Exercise: What is the number of lines in the entries that include the word "Hotel"? Respond with the number only.

Records contained in a dataset:
____
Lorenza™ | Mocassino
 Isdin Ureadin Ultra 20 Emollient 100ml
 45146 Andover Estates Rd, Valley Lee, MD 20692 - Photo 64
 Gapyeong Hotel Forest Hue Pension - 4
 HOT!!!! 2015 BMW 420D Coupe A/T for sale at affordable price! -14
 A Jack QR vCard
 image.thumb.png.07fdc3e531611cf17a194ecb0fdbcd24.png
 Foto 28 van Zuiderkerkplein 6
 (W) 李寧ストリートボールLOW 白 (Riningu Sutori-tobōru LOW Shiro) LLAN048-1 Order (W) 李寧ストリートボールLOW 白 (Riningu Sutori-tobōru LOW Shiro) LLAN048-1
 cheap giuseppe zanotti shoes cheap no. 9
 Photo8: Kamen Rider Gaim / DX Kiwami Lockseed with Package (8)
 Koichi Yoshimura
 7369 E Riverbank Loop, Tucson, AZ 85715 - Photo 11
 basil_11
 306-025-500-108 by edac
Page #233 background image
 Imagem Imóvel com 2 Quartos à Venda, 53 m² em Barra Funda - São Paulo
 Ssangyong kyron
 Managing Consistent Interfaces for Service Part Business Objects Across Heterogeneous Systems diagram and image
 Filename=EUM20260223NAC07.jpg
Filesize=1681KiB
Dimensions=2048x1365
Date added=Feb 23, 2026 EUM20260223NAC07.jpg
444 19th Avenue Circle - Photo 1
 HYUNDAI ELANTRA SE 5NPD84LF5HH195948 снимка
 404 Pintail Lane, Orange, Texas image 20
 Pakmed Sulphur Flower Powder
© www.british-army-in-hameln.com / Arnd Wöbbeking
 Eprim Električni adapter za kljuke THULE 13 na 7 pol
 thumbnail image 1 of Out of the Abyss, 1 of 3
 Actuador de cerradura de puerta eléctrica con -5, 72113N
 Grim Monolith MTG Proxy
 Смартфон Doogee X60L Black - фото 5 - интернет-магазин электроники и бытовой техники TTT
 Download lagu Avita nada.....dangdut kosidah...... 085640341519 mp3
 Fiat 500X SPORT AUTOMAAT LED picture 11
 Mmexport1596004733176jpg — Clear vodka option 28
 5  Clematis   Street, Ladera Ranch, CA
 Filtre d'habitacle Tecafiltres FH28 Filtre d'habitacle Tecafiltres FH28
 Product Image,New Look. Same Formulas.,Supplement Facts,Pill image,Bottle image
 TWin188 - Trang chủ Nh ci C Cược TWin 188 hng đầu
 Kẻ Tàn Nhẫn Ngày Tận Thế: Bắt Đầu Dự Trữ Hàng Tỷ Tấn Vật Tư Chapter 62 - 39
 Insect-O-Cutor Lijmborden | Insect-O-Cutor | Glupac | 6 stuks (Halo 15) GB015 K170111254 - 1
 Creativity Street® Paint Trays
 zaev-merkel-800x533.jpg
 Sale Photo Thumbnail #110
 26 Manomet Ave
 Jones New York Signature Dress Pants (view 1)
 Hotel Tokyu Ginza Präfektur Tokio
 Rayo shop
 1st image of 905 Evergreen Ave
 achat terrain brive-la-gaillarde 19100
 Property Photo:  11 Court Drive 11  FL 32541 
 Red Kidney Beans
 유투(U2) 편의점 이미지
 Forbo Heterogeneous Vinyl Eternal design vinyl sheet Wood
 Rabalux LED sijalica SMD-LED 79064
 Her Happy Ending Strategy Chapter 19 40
____
Response: 2